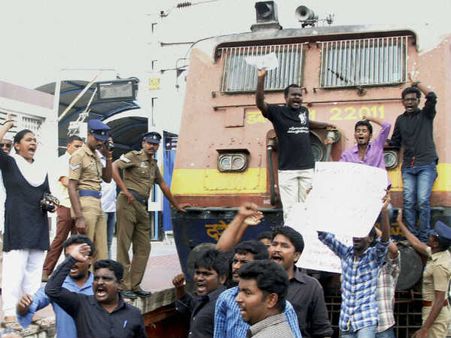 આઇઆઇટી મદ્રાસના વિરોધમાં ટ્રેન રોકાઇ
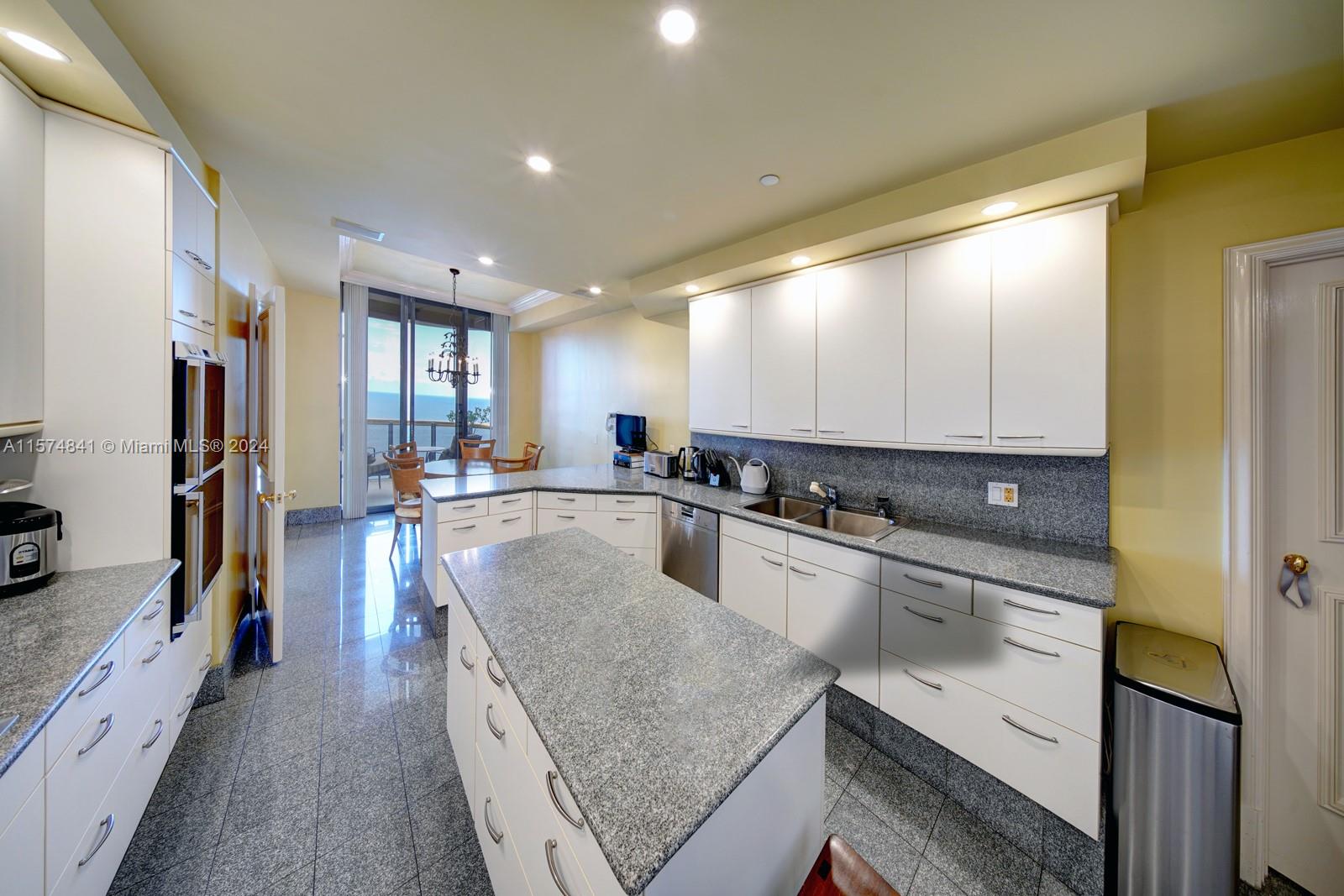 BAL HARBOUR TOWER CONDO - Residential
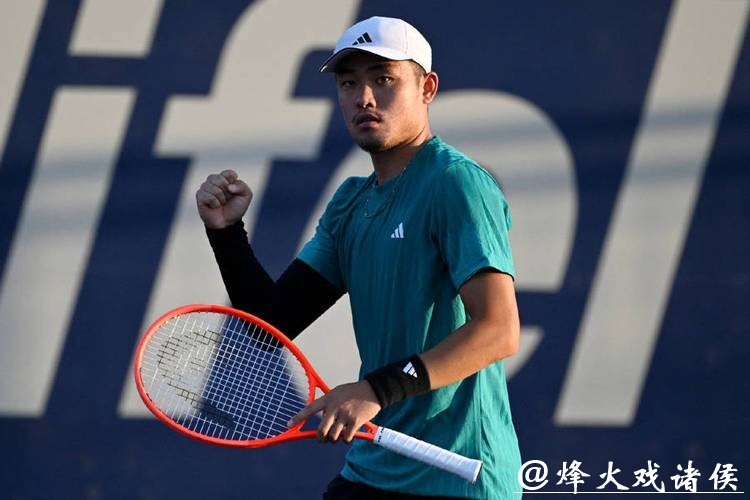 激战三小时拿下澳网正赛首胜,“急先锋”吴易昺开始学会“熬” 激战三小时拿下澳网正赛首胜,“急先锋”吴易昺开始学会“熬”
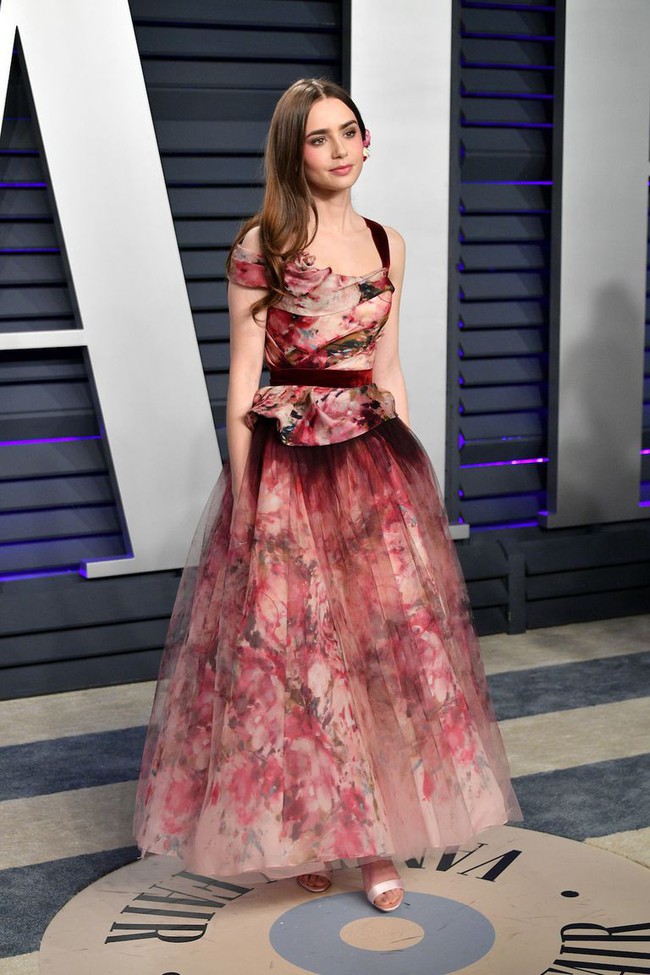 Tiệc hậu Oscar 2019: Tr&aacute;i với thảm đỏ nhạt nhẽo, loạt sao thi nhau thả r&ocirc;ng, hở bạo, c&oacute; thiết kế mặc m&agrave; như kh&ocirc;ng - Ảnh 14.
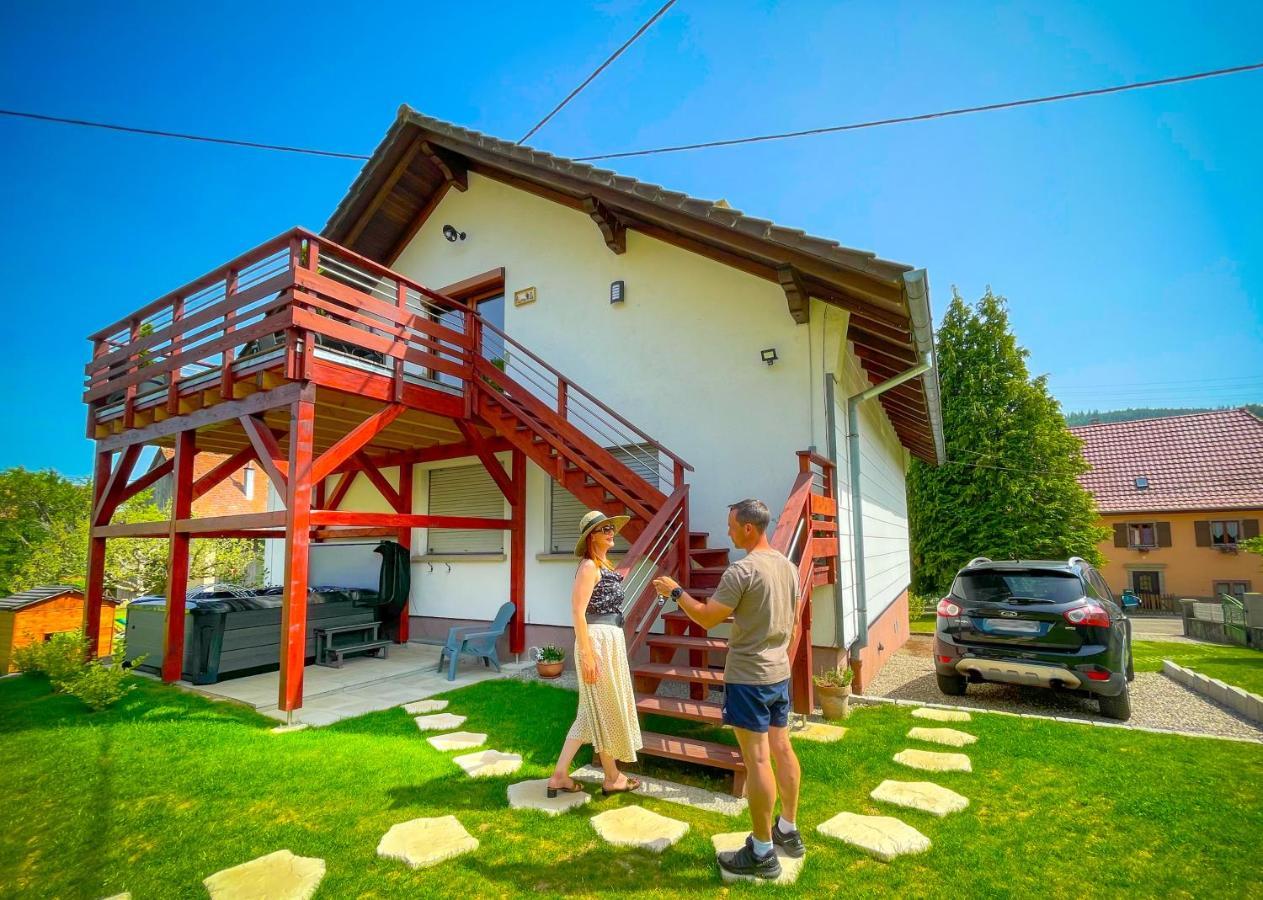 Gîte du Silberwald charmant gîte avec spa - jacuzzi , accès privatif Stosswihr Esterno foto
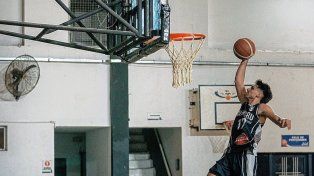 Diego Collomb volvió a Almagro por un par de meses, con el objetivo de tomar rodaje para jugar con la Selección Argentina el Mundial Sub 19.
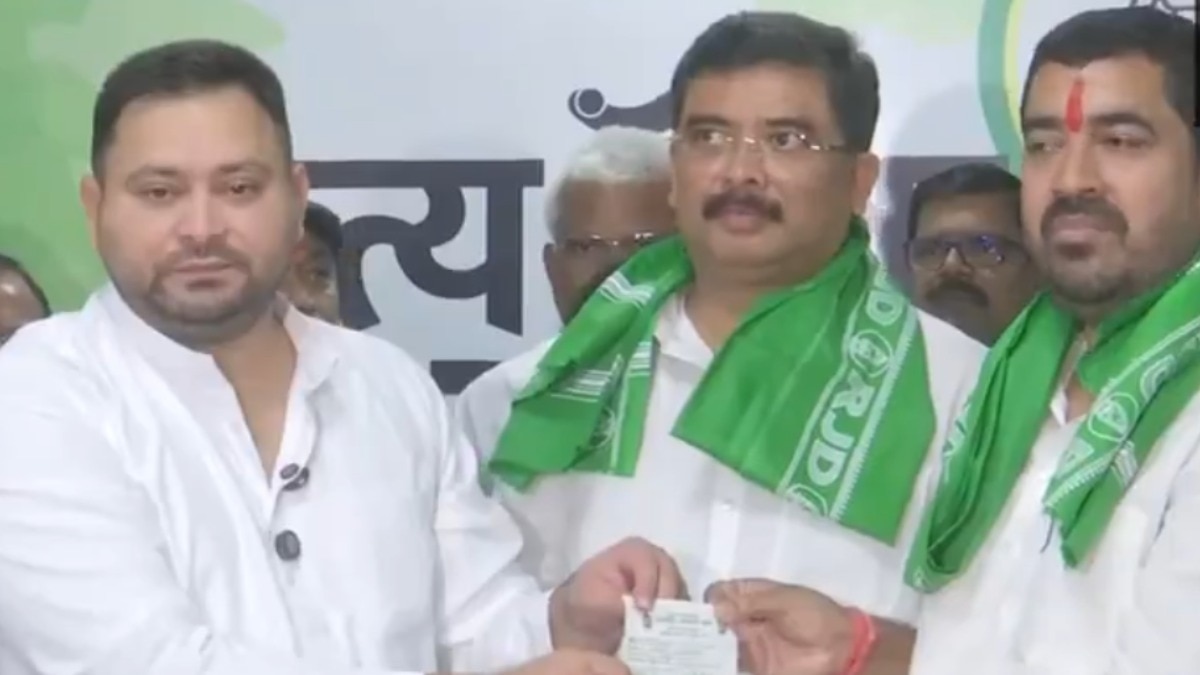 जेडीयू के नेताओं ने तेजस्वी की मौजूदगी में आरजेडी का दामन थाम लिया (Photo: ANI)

==

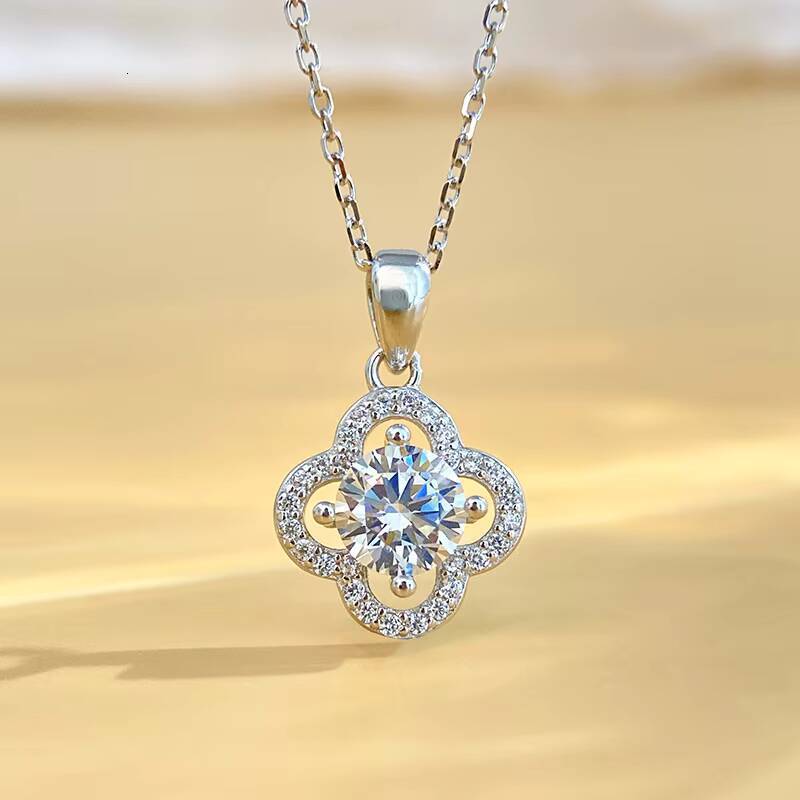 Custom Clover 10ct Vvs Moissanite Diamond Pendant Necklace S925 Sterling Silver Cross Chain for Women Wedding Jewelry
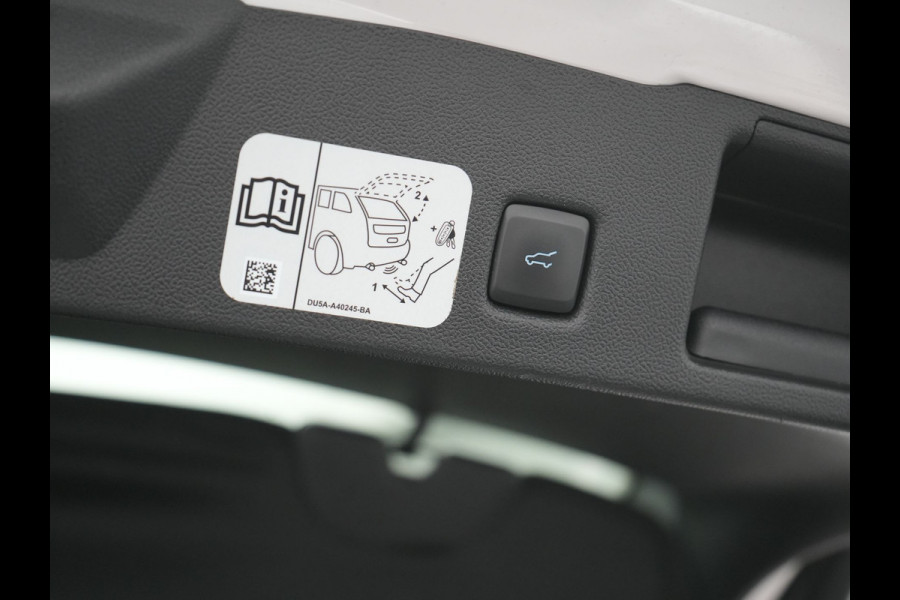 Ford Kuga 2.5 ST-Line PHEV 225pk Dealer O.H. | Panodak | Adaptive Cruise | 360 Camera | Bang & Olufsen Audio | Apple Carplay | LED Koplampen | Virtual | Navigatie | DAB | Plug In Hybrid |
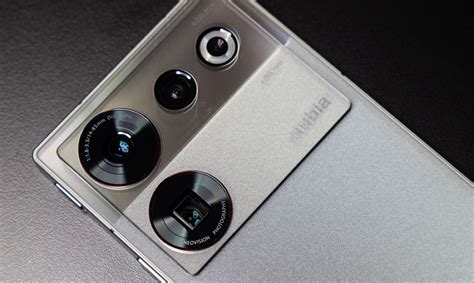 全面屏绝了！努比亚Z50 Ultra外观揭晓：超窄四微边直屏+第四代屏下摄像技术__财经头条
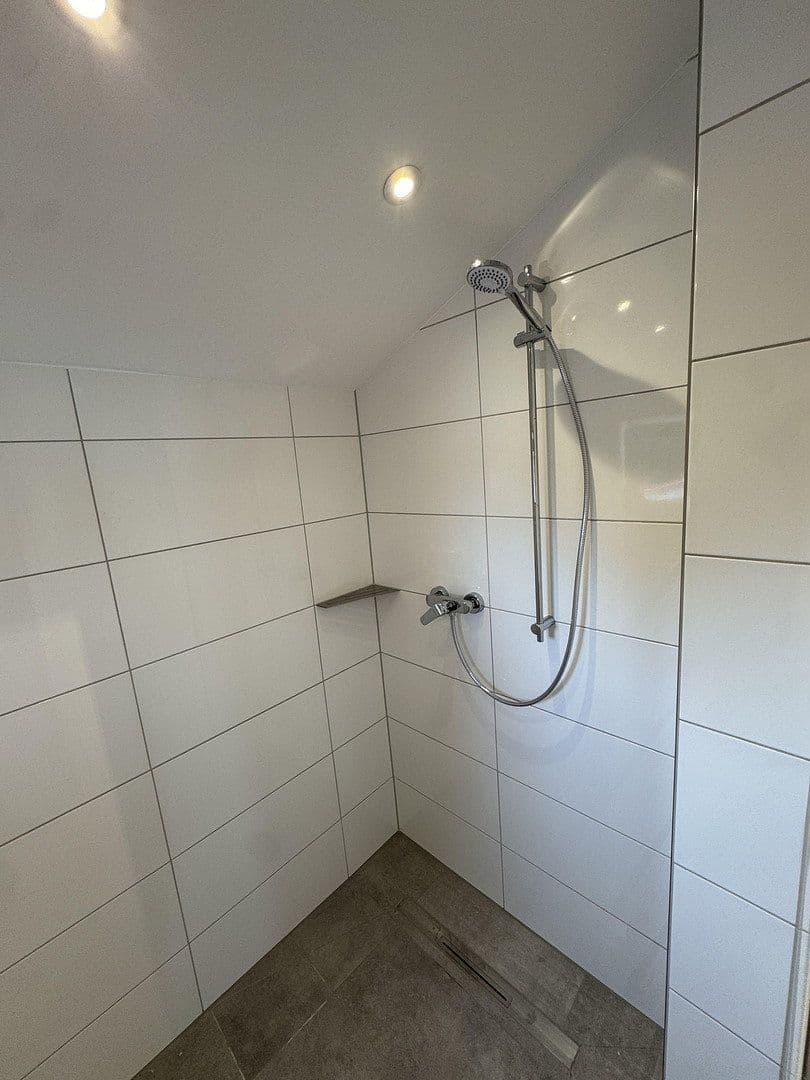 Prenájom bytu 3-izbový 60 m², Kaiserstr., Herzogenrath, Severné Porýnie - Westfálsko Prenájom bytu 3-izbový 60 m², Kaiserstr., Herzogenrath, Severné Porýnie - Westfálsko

...

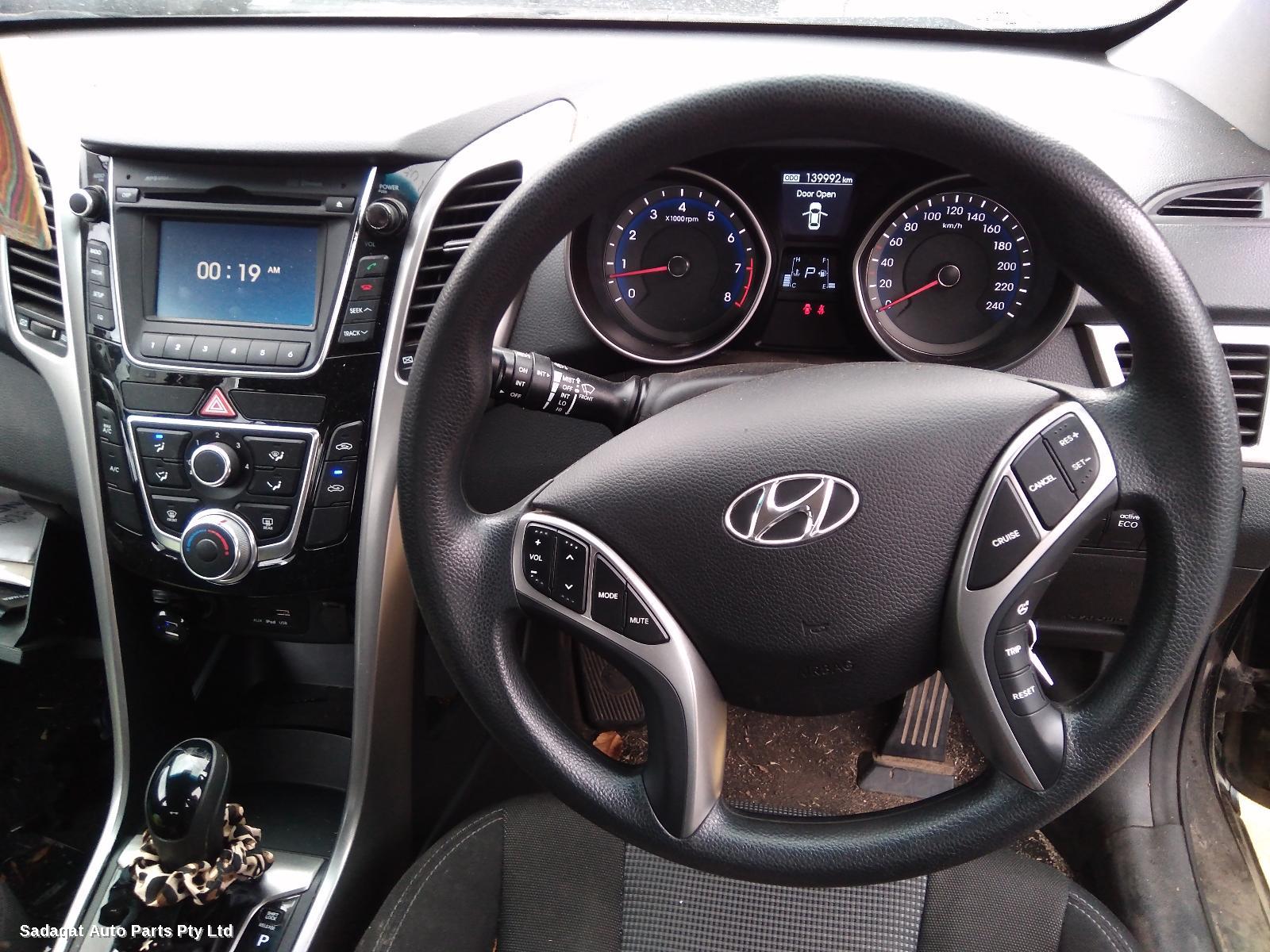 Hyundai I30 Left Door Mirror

* **WHAT THE EXERCISE ASKS**
Go back to the listing above and write out the lines starting at the one with "આઇઆઇટી મદ્રાસના વિરોધમાં ટ્રેન રોકાઇ" and ending at the one with "जेडीयू के नेताओं", inclusive, exactly and without pictures.

* **OUTPUT**
 આઇઆઇટી મદ્રાસના વિરોધમાં ટ્રેન રોકાઇ
 BAL HARBOUR TOWER CONDO - Residential
 激战三小时拿下澳网正赛首胜,“急先锋”吴易昺开始学会“熬” 激战三小时拿下澳网正赛首胜,“急先锋”吴易昺开始学会“熬”
 Tiệc hậu Oscar 2019: Tr&aacute;i với thảm đỏ nhạt nhẽo, loạt sao thi nhau thả r&ocirc;ng, hở bạo, c&oacute; thiết kế mặc m&agrave; như kh&ocirc;ng - Ảnh 14.
 Gîte du Silberwald charmant gîte avec spa - jacuzzi , accès privatif Stosswihr Esterno foto
 Diego Collomb volvió a Almagro por un par de meses, con el objetivo de tomar rodaje para jugar con la Selección Argentina el Mundial Sub 19.
 जेडीयू के नेताओं ने तेजस्वी की मौजूदगी में आरजेडी का दामन थाम लिया (Photo: ANI)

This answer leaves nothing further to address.